■ **Records to use**

== Segment start ==

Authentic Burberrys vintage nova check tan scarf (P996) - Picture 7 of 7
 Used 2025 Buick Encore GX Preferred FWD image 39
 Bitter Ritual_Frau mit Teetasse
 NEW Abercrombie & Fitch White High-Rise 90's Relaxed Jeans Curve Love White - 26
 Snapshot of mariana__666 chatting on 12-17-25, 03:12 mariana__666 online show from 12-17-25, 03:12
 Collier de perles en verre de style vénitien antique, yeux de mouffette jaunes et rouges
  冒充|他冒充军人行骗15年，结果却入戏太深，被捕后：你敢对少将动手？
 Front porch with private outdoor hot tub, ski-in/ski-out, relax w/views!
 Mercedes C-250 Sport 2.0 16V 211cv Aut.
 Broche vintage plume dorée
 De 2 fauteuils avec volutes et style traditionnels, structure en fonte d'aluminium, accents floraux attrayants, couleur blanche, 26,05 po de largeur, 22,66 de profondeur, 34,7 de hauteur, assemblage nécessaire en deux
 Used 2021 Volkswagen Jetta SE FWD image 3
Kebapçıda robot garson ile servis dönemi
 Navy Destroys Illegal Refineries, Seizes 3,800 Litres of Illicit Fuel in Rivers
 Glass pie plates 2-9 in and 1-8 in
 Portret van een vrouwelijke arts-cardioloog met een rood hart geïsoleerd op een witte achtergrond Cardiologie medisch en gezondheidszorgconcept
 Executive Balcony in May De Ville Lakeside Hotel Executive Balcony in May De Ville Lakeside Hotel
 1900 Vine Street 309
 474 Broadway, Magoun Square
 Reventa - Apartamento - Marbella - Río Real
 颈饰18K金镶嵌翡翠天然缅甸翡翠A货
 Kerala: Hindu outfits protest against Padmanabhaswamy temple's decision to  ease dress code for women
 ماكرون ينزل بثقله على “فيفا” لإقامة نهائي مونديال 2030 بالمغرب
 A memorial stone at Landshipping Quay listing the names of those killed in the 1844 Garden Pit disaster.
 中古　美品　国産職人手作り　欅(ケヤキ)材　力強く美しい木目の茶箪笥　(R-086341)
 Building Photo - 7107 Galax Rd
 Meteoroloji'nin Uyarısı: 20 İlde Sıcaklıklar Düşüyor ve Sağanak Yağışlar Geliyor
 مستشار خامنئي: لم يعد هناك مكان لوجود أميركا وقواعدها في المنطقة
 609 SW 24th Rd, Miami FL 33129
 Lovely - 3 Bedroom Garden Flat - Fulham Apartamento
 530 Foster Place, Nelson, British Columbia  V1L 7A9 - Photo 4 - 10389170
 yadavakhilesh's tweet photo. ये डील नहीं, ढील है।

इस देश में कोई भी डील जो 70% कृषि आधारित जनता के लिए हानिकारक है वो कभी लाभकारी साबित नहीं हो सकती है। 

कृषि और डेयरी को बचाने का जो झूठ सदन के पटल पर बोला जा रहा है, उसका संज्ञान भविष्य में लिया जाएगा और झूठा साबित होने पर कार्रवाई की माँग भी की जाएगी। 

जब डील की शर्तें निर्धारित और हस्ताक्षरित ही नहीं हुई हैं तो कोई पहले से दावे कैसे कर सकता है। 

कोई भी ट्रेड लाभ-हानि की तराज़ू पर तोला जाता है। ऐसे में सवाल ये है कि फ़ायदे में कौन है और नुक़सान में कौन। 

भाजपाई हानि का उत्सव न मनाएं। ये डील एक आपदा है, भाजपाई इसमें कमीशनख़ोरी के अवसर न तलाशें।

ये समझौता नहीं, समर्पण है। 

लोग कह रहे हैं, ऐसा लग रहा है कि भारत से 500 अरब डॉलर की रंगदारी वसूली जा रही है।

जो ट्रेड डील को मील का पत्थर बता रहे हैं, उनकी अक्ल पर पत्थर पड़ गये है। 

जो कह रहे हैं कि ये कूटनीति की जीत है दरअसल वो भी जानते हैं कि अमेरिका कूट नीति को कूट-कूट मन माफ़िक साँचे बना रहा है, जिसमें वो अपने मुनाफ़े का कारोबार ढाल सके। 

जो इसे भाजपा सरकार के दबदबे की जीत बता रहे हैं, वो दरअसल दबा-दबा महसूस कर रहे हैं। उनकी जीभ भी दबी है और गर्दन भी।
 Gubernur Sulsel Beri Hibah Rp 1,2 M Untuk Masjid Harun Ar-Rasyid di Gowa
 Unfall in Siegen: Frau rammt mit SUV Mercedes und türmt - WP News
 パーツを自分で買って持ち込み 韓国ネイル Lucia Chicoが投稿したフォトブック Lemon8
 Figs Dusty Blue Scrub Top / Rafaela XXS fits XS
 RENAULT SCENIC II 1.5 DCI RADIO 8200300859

== Segment end ==

■ **Assignment**
What is the number of lines in the listing that include the word "दरअसल"? Give that number and nothing else.

■ **Solved problem**
2